Ambiente

4/5/2022

Catamarca

Vecinos siguen movilizados contra la represión en Andalgalá y la libertad de Karina Orquera

Concentran frente a la comisaría donde permanece detenida la compañera, por movilizar contra el proyecto megaminero Mara.

Manifestación en la capital provincial.

Vecinos de Choya siguen concentrados frente a la comisaría de Andalgalá para reclamar la libertad de Karina Orquera, detenida en la represión de la tarde del 3 de mayo a metros del ingreso de la planta del emprendimiento minero Mara.

El operativo desmesurado de la policía de Catamarca contra los vecinos de Choya, para que pasen dos camionetas con insumos para las mineras, fue un claro acto de provocación orquestado por el gobierno. Un convoy de tres camionetas y un camión con efectivos policiales subían al cerro, al lugar donde desde hace dos meses los vecinos instalaron un bloqueo selectivo sobre los caminos comuneros que Mara utiliza ilegalmente. Los vecinos del Choya (distrito del norte de Andalgalá) organizados en la asamblea “Aguas Claras” denuncian la contaminación de los ríos, ya que los sedimentos terminan en los cauces afectando el agua que consumen y las actividades agrícolas.

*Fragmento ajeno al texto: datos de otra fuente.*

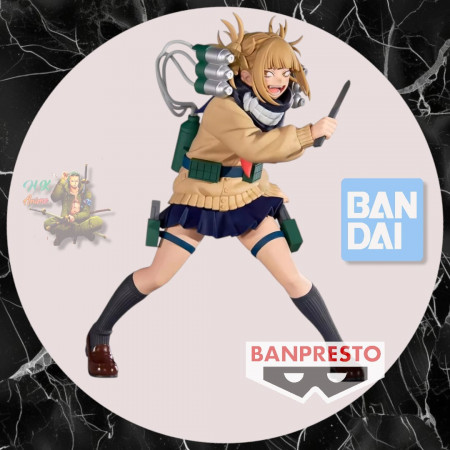 Bandai Banpresto My Hero Academia Himiko Toga S2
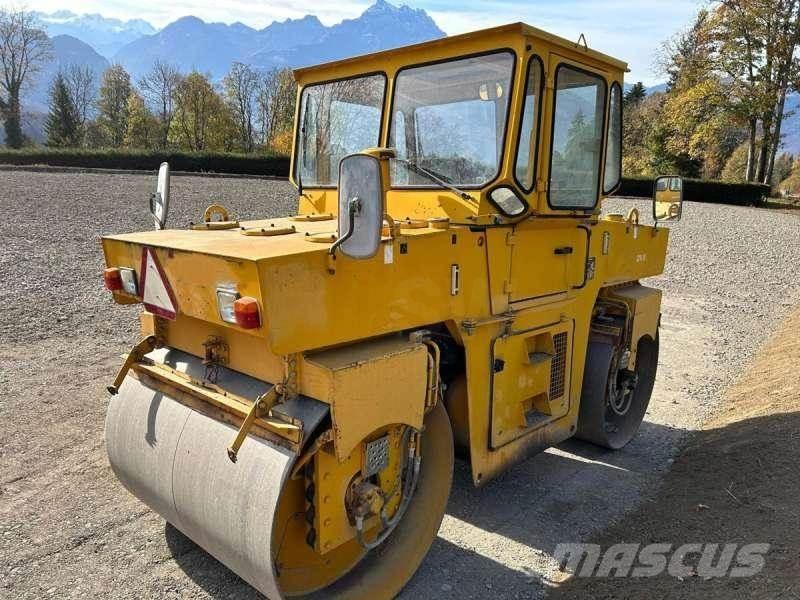 Hamm DV 8.22 Compactadores de suelo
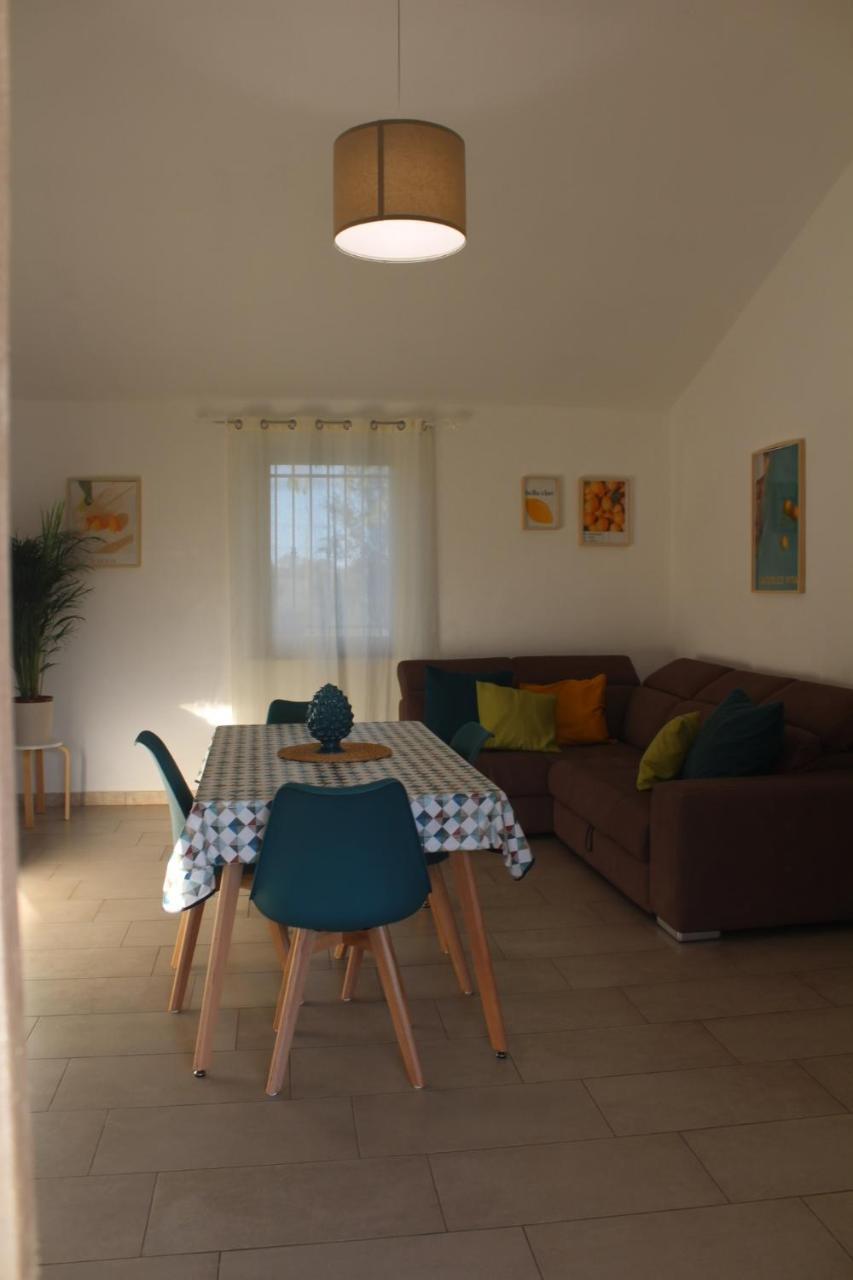 Elena House Castelluccio Villa Agnone Bagni Ngoại thất bức ảnh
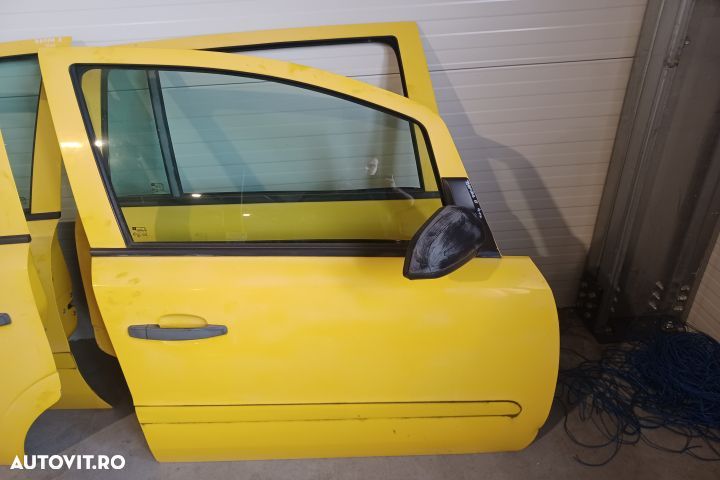 Usa fata dreapta Opel Zafira B [2005 - 2010] Minivan 5-usi 1.9 CDTI M - 1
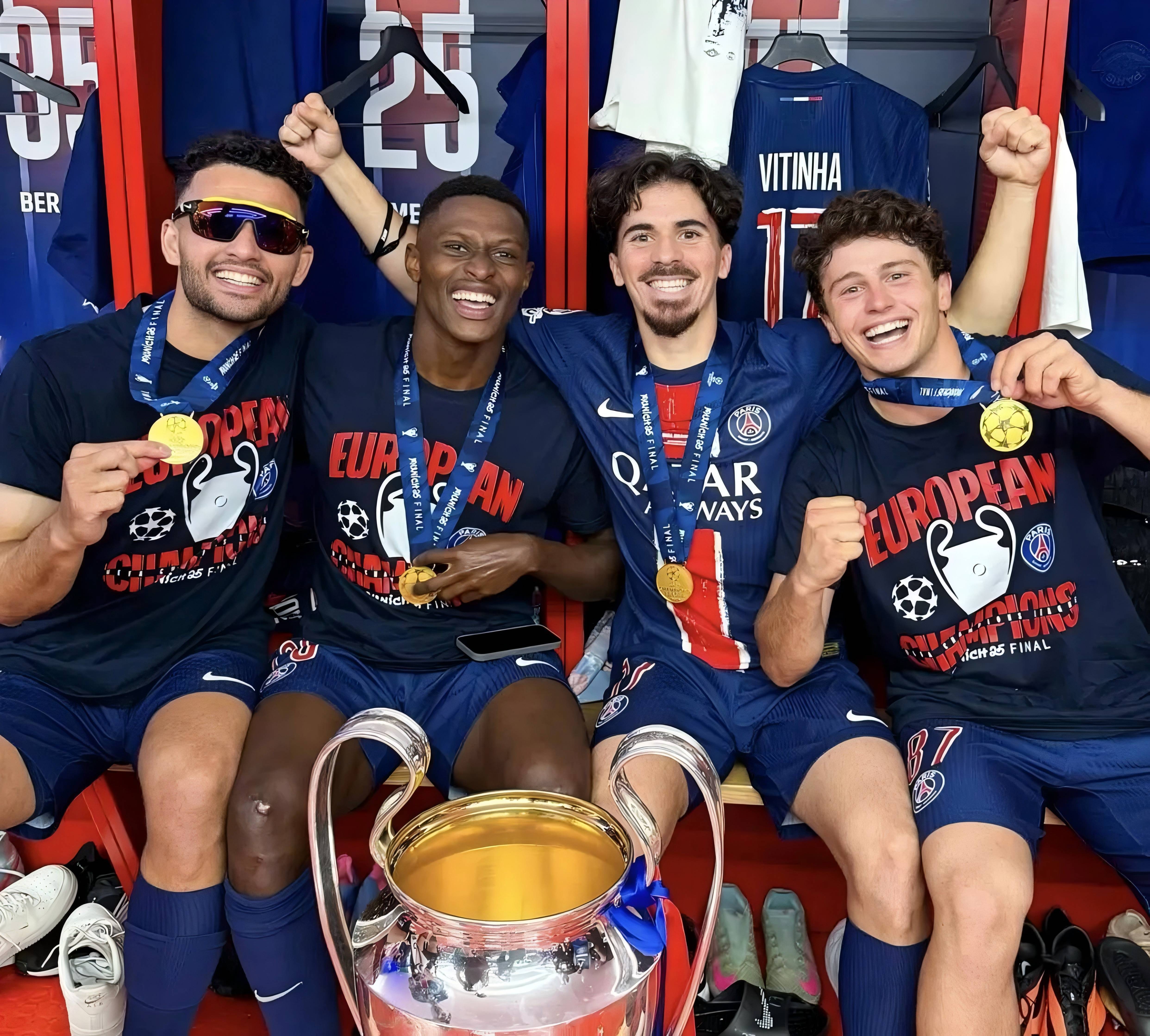 拜仁慕尼黑在欧洲赛场上遥遥领先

La policía montó una represión con balas de goma, gases lacrimógenos, palazos, y la detención de Karina. En repudio a este accionar se organizó una manifestación a la plaza principal de Andalgalá y se movilizó a la comisaría, exigiendo la libertad de la compañera detenida. Karina aún continúa detenida, y se mantiene una concentración. También hubo una movilización en la capital de la provincia.

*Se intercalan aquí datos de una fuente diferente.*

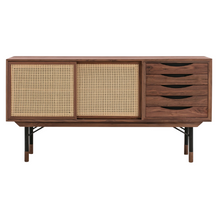 Load image into Gallery viewer, The Cane Credenza

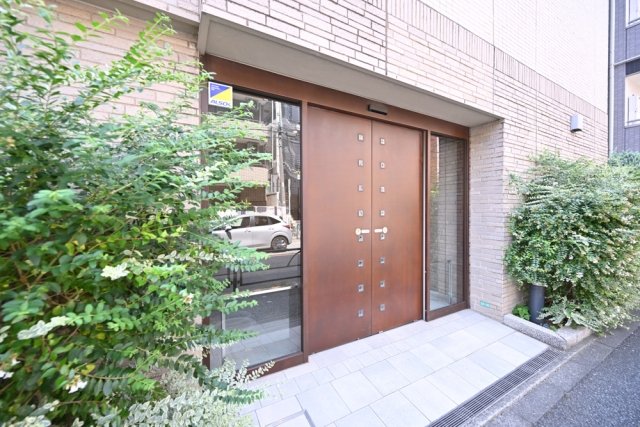 4/7 エントランス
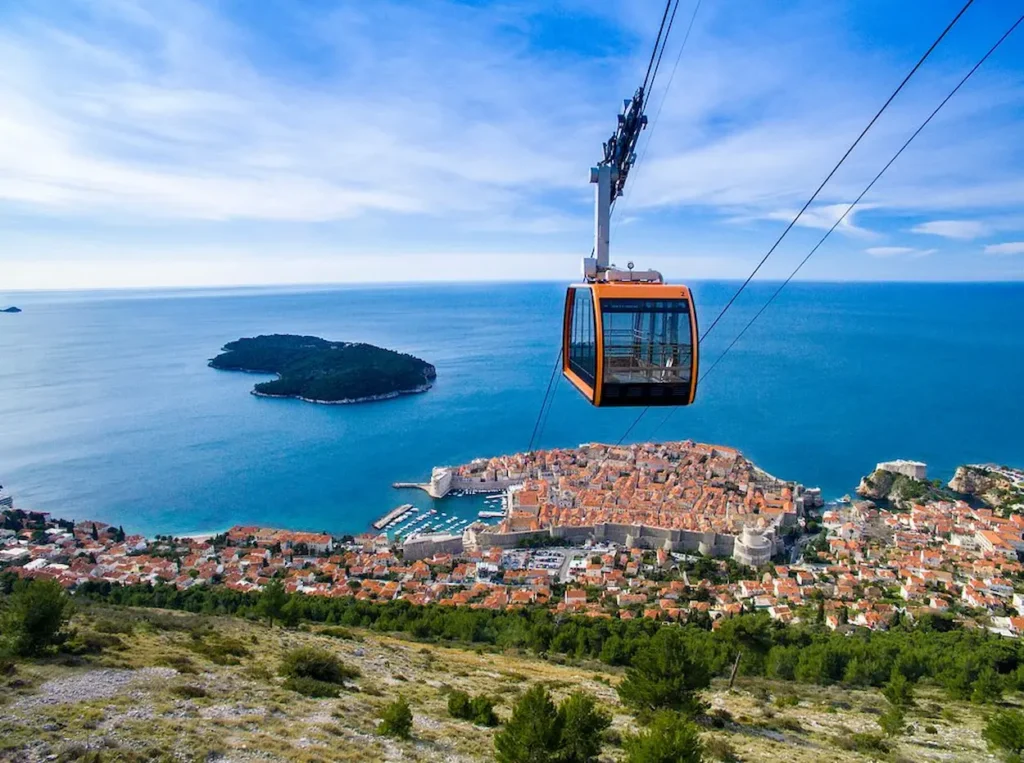 Dubrovnik Cable Car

Esta nueva provocación se produce un año después de las detenciones de doce luchadores y dirigentes ambientales de Andalgalá, entre ellas Ailen Saracho dirigente del Partido Obrero. Es parte de las políticas del gobierno provincial del Frente de Todos de imponer por la fuerza este nuevo emprendimiento megaminero, como insinuó entre líneas en su discurso el 1º de Mayo el gobernador Raúl Jalil. Cuenta además con el respaldo explícito del gobierno nacional, que integró al mandatario en la Mesa de Minería y en la Mesa del Litio, como un jugador destacado en el lobby prominero.

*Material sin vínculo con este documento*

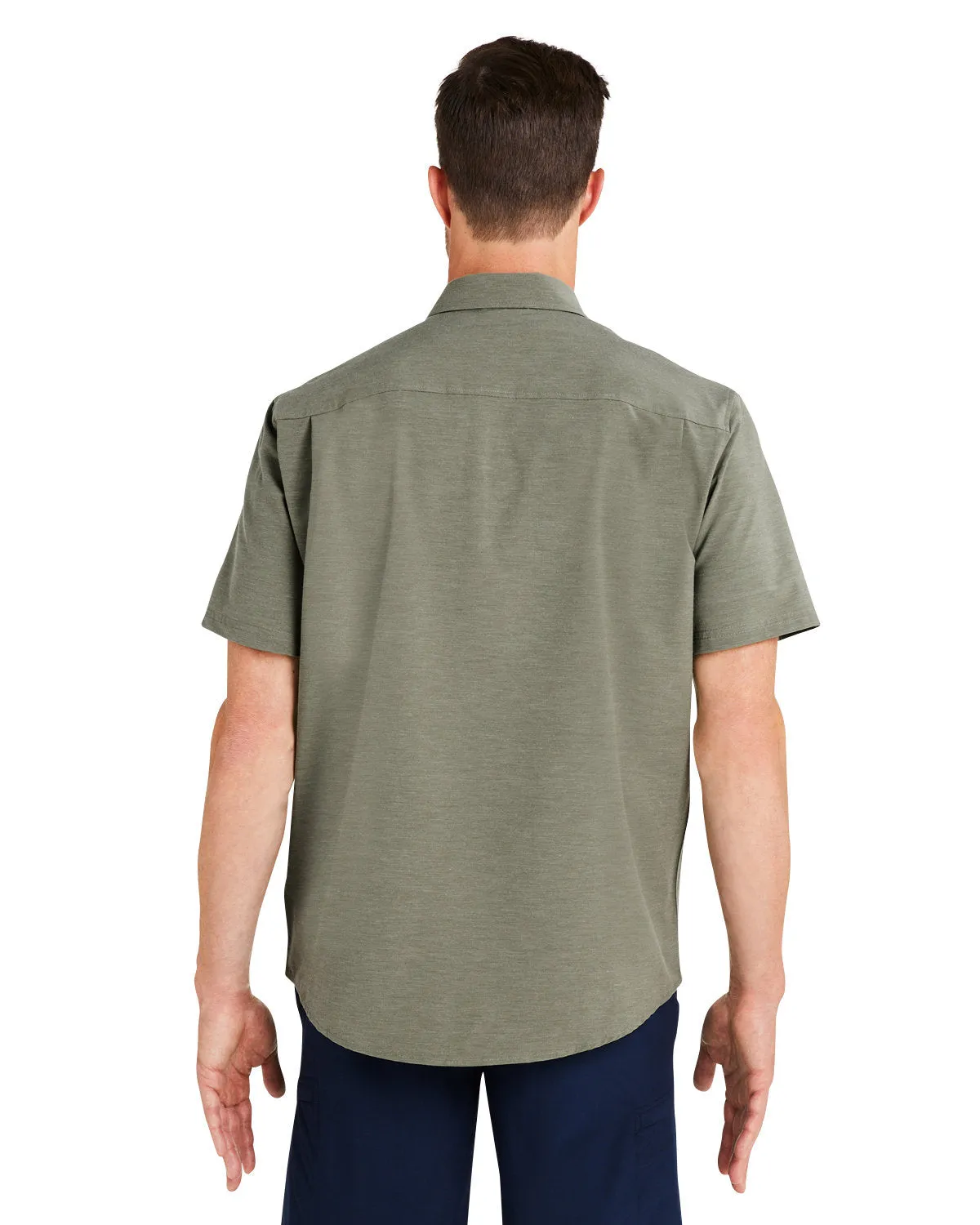 HUK Kona Solid Short Sleeve Shirt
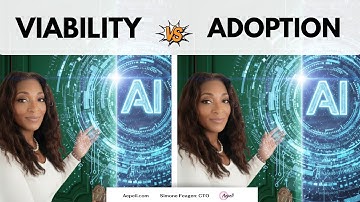 AI Viability VS AI Adoption - Where are you?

El gobierno montó una campaña mediática, hablando de una emboscada para justificar la represión, buscando victimizar a los las fuerza policiales, mientras a los vecinos andalgalenses se los vio con perdigones de goma incrustados en la piel y heridas de todo tipo. La campaña que busca mostrar a los activistas como grupos minoritario violentos es la misma que se practicó el año pasado que terminó en una avanzada judicial. Incluso dieron la orden de no atender a los heridos al llegar al hospital.

El gobierno quiere imponer el proyecto MARA con represión, pero a un pueblo que resiste desde hace 20 años.